Cette contrainte sur le nombre reste valable lorsque d'entre introduit un autre élément,
nom :

(10) La bête (...) a bondi d'entre les bruyères. (Giono, Colline, p. 138)

pronom démonstratif :

(11) (...) lequel d'entre ceux que nous honorons comme nos pères dans la foi n'a
été traité de visionnaire? (Bernanos, Sous le soleil de Satan, p. 299)

ou pronom possessif :

(12) (...) ce que vous ferez au plus petit d'entre les miens... {L'univers économique
et social, p. 6410)

En d'autres termes, la variation de / d'entre ne se trouvera réalisée que devant des
mots au pluriel, de préférence des pronoms personnels.

1.1.3. Envisageons ces pronoms et leurs fréquences relatives dans le corpus constitué.
Les quatre pronoms concernés se répartissent comme suit :

- 149 occurrences du pronom nous,

- 38 occurrences du pronom vous,

- 711 occurrences des pronoms de la 3e3e personne, dont
-518 de eux,
- 193 de elles.

Ces chiffres appellent la prudence.
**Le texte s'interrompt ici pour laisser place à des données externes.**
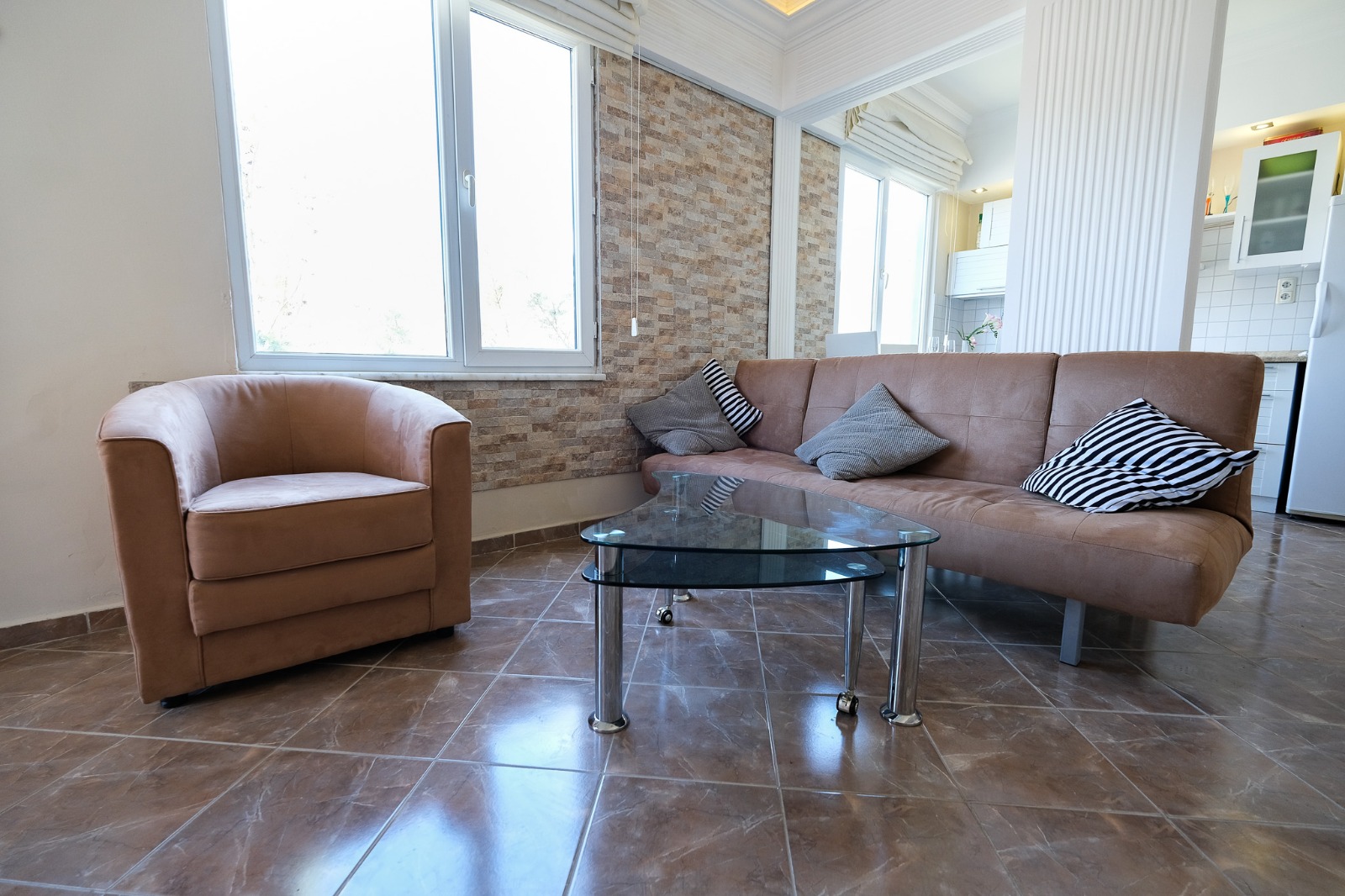 Furnished two bedroom apartment 400 meters from the sea - Фото 5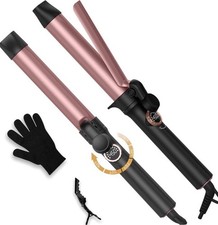 Hair Curler Wand Tongs 32mm Curling Iron Long Ceramic Thick Barrel Fast Heat Up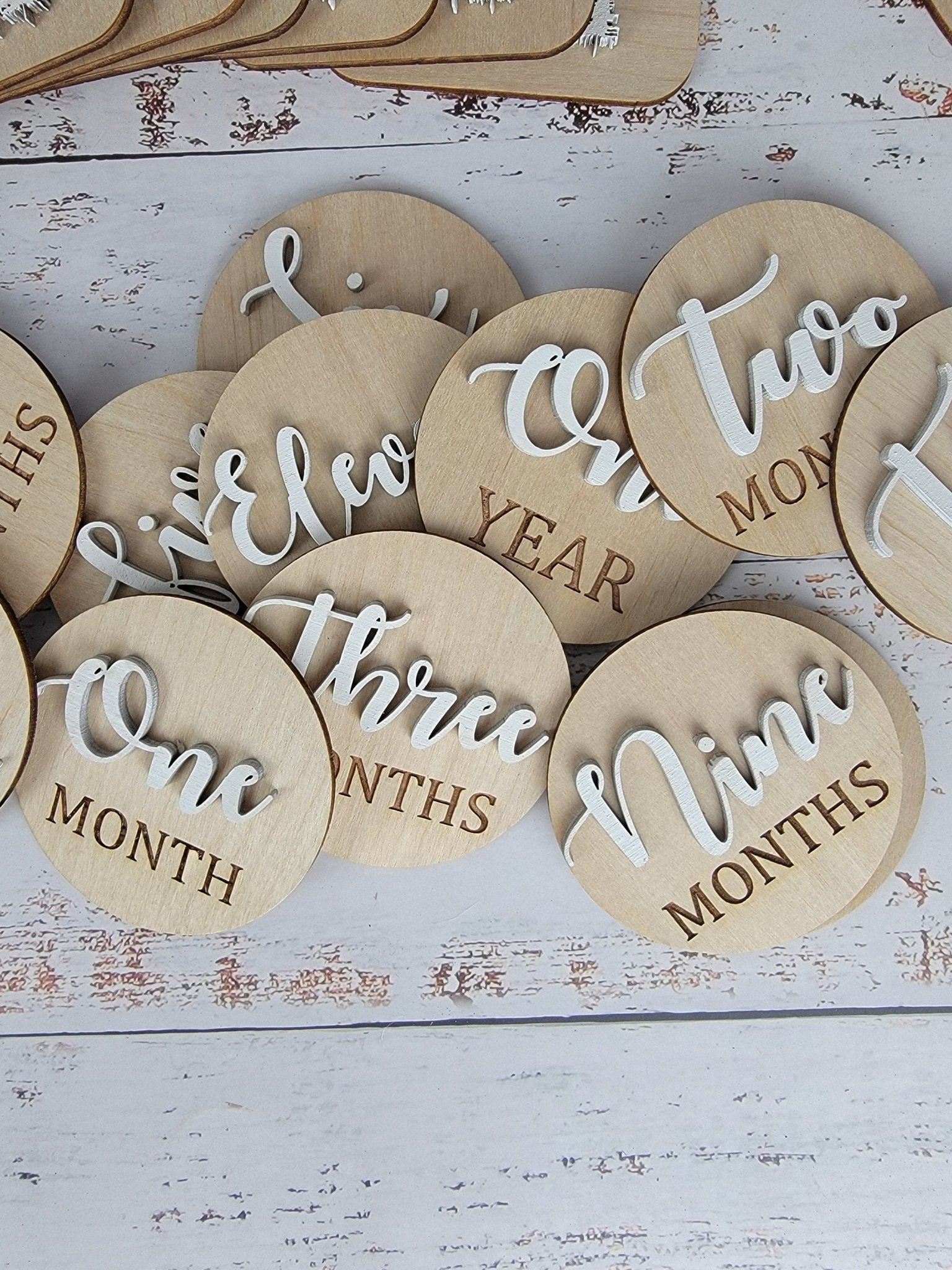 Monthly Wooden Milestone Photo Prop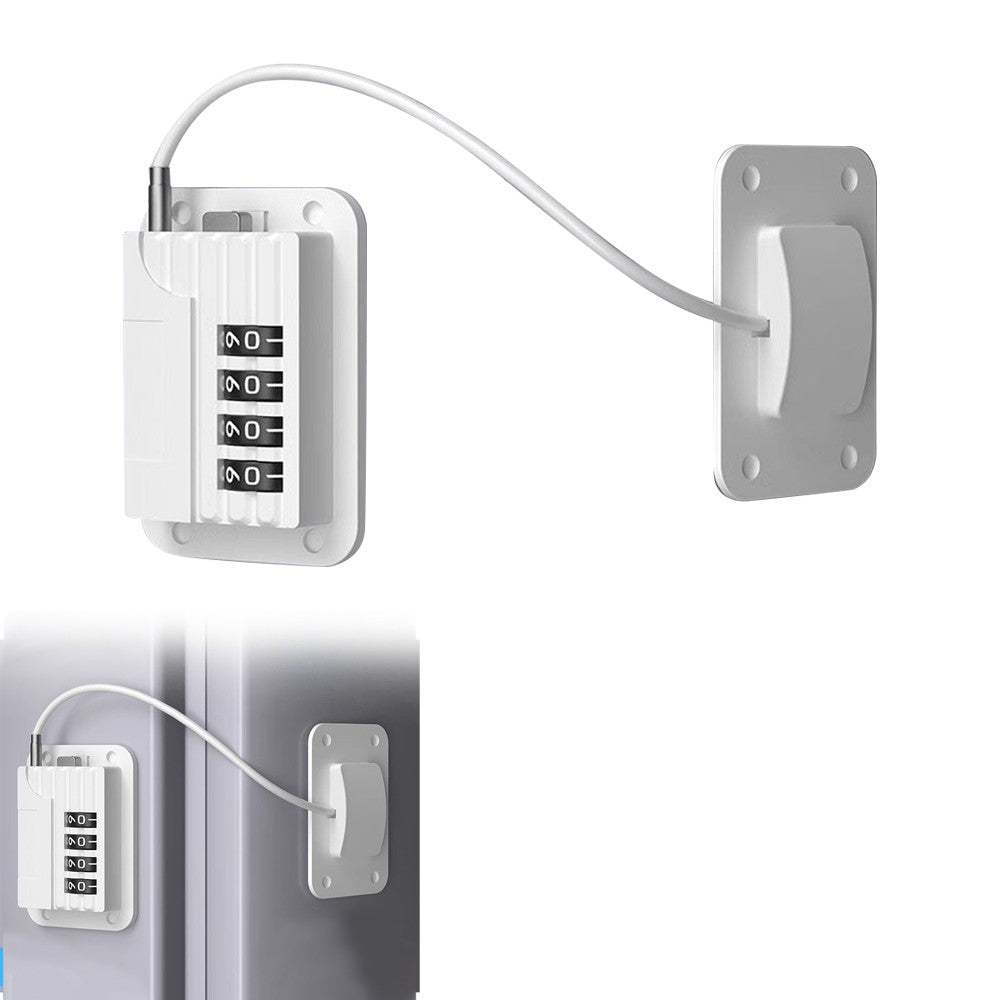 Child Proof Refrigerator Door Lock Child Safety Fridge Locks with Password - White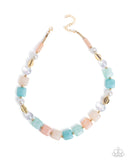 Paparazzi Capricious Cubes - Multi Necklace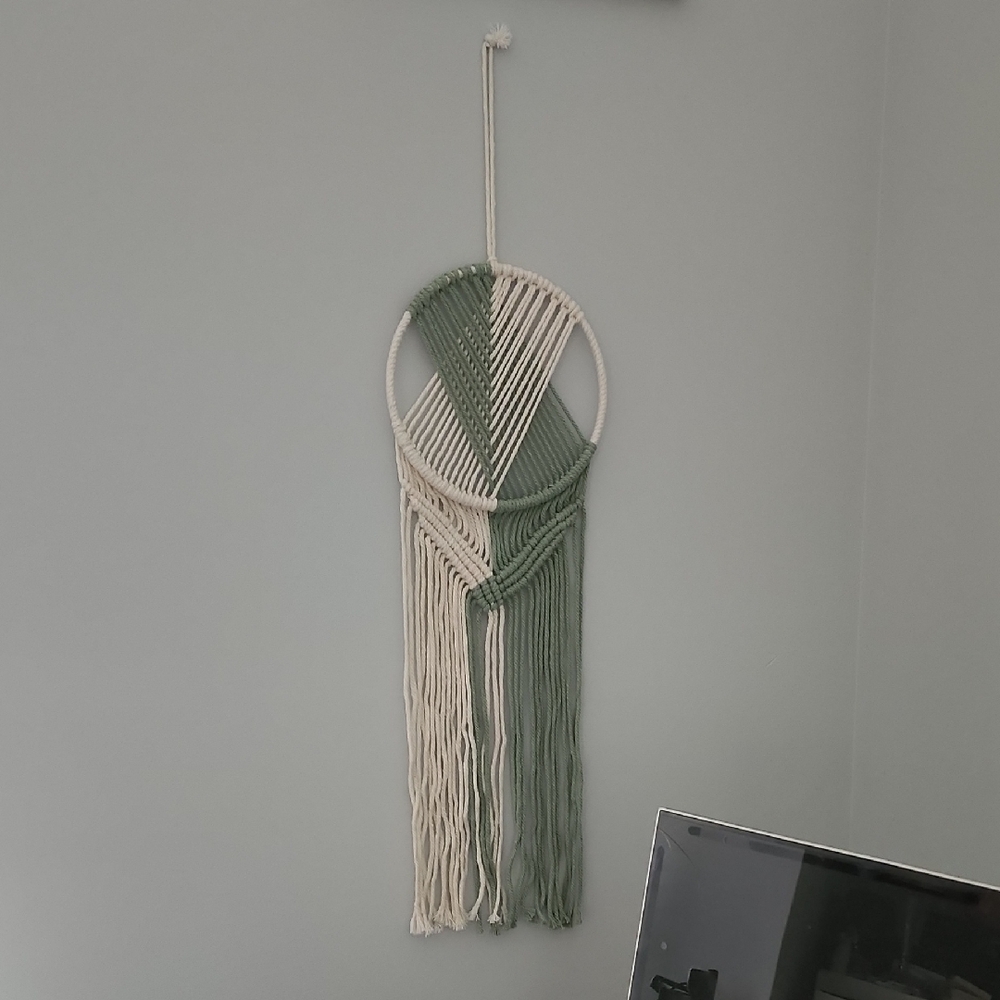 Green and Cream Wall Hanging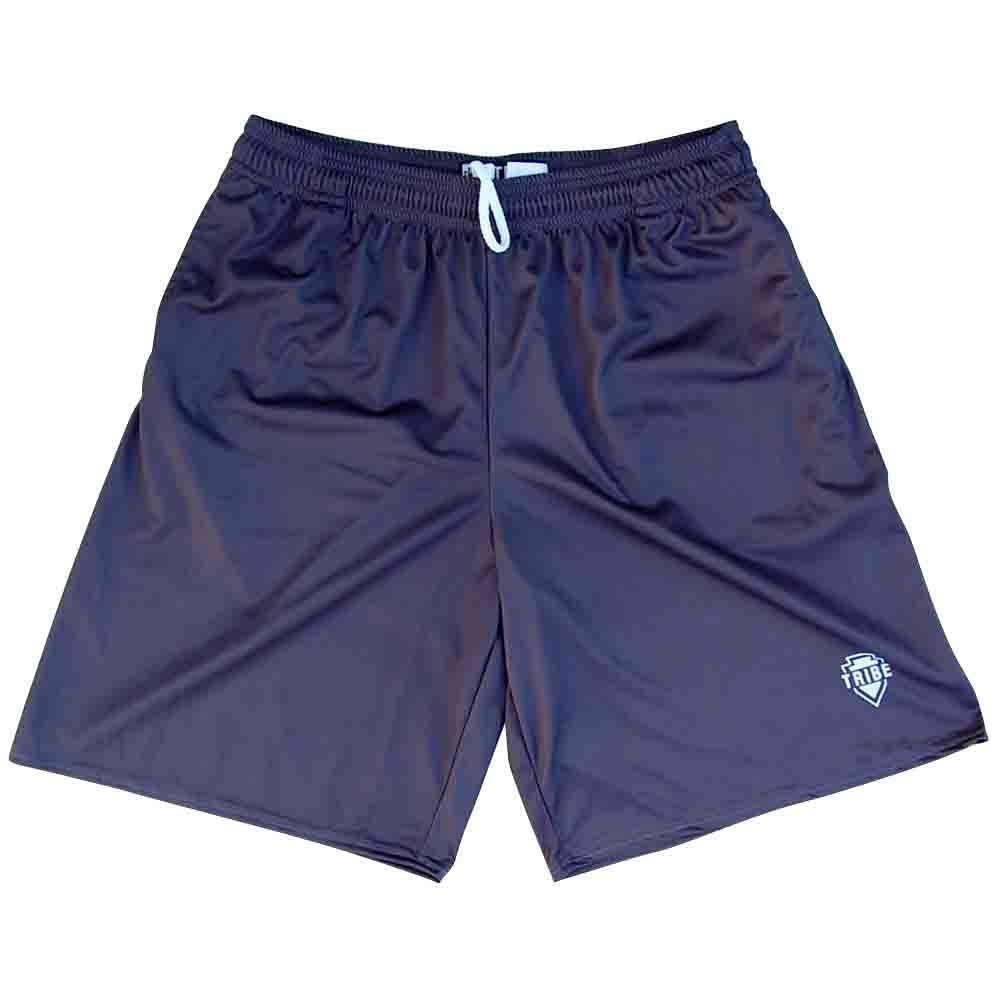 Tribe Navy Lacrosse Shorts in Navy by Tribe Lacrosse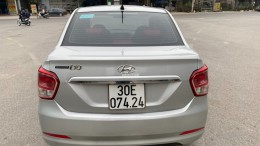 Hyundai Grand i10 1.2MT cuối 2016, màu bạc, nhập khẩu. Bản đủ kịch đồ full Option bóng khí, màn hình theo xe....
Le corpus sur lequel nous travaillons ne comporte qu'un nombre réduit d'occurrences de d'entre issues de textes littéraires,3 les plus susceptibles de mettre en jeu les personnes 1 et 2. Il importe donc de relativiser l'importance des chiffres et de considérer comme surtout significatif l'ordre de fréquence, dans ces constructions, des pronoms : 1) eux, 2) elles, 3) nous, 4) vous.

Le Dictionnaire des fréquences, établi à partir de textes français des XIXe et XXe siècles, donne comme ordre pour ces mêmes pronoms : 1) vous (30e rang), 2) nous (34e rang), 3) elles (127e rang), 4) eux (197e rang), c'est-à-dire un ordre de fréquence inverse par rapport à celui que fait apparaître notre corpus. Ce dernier étant essentiellement constitué d'occurrences de la variante d'entre de notre double construction, on peut attribuer à cette variante l'inversion de l'ordre de fréquence.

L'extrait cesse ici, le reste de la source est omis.